I didn’t think I was going to cry about the new STAR WARS movie.
But I did.
First, the context: when I was nine, we were on a family vacation to Victoria. We were staying at my Uncle and Aunt’s place. My bedtime was 8:30, at the time. (It moved up to 9PM when I got engaged.)
Anyway, I hadn’t really been to the theatre many times before. (That’s another story.) But I distinctly remember my Dad browsing the “Arts & Entertainment” section of the newspaper and getting a gleam in his eye. He hustled over to my mom and began discussing something I didn’t quite understand.
Something about a movie that was playing. Something about staying up past my bedtime.
I didn’t know what STAR WARS was, but the idea of staying up with my Dad to go to the theatre sounded amazing. Like any other kid, I immediately switched into a sincere and desperate form of begging. My mom said we could go, and my Dad said we had to hurry. And off we went.
When we got to the theatre, the place was packed with people. It was the first “rerelease” of the original series–“A New Hope”–and people were dressed up for the occasion.
We got there just in time.
When the lights went down, and the bombastic John Williams score began accompanying the yellow marquee of text, I was overwhelmed.
This movie just felt so much bigger than me–it wasn’t pandering to my interests or tastes. It was telling me the story was already well underway before I sat down in the theatre. And then, when the huge Star Destroyer appears in that opening scene?
I was converted.
Now, eighteen years later, I rushed to the theatre again to see THE FORCE AWAKENS. And it’s really great–you should see it. But I won’t spoil anything. (Seriously, I’m the guy who brings headphones to the movies so I don’t have to hear the audio of the trailers: that’s how surprised I want to be.)
But there’s something more to STAR WARS than just a big expansive universe. There’s a reason it’s tapped into our cultural psyche and become bigger than any other comparable sci-fi fantasy story.
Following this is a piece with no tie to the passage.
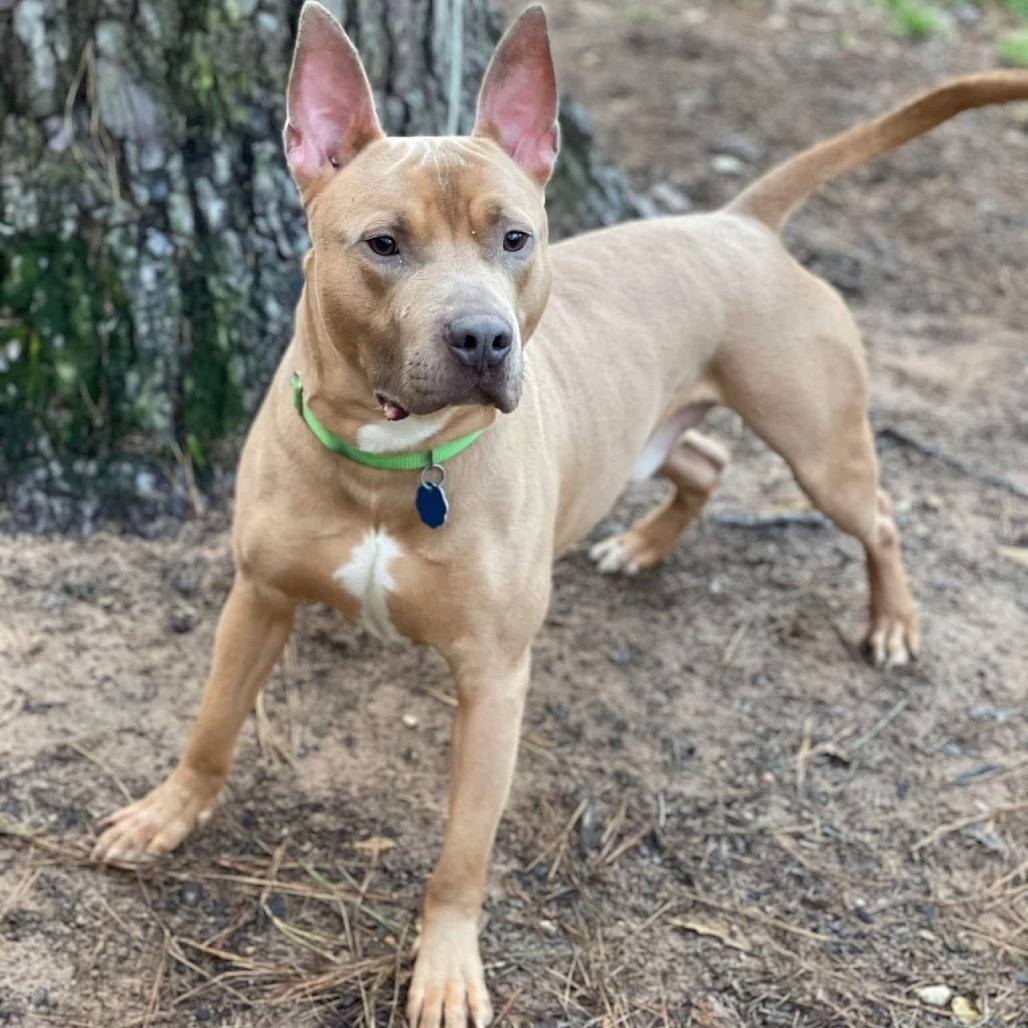 Marvel, an adoptable American Staffordshire Terrier in Houston, TX, 77095 | Photo Image 6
STAR WARS is always about ordinary people facing insurmountable odds, and throwing themselves in the way.
Evil, in the STAR WARS universe, is very real and very powerful. And it’s relentless, too. It causes most people to despair–to settle into a compromised existence that merely tries to stay out of the way of oppression.
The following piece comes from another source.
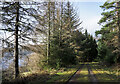 Forestry road above Fearnan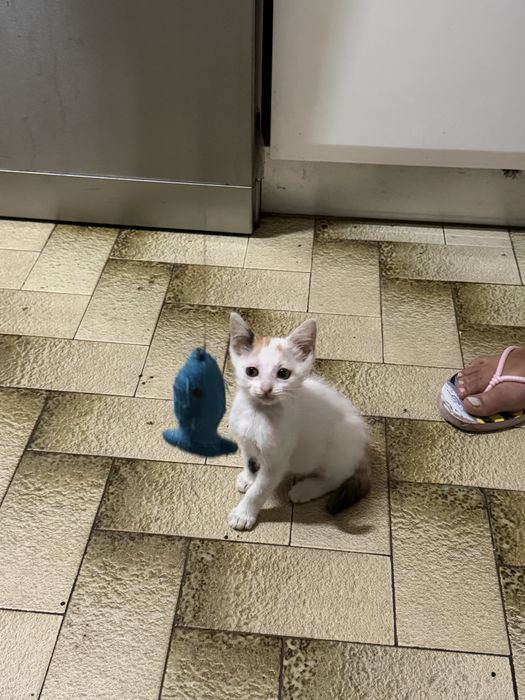 Gatinhas para adoção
Until a few ordinary people form a rebellion, and stand up with a smile.
STAR WARS captures the spirit of how children would like to make the world right. Things can be grim, but nobody gets to stay a cynic. Obviously, there are lightsaber fights and thrilling space battles, but that isn’t the emotional centre of the story.
The thing that gets you–the thing STAR WARS does better than any other movie I’ve seen–is give you the simple childlike hope that the world can be a better place when regular people decide to resist “the way the world is” because they know what it could be.
So when I saw a clip for the new movie, I cried a little bit. I was thinking of the world the way I understood it when I was nine, and thinking about how that imagination hasn’t left me. I was thinking how good it was to be there with my Dad.
I was thinking about how simple and innocent it is to believe regular people can still make a difference–even in a galaxy not so far away.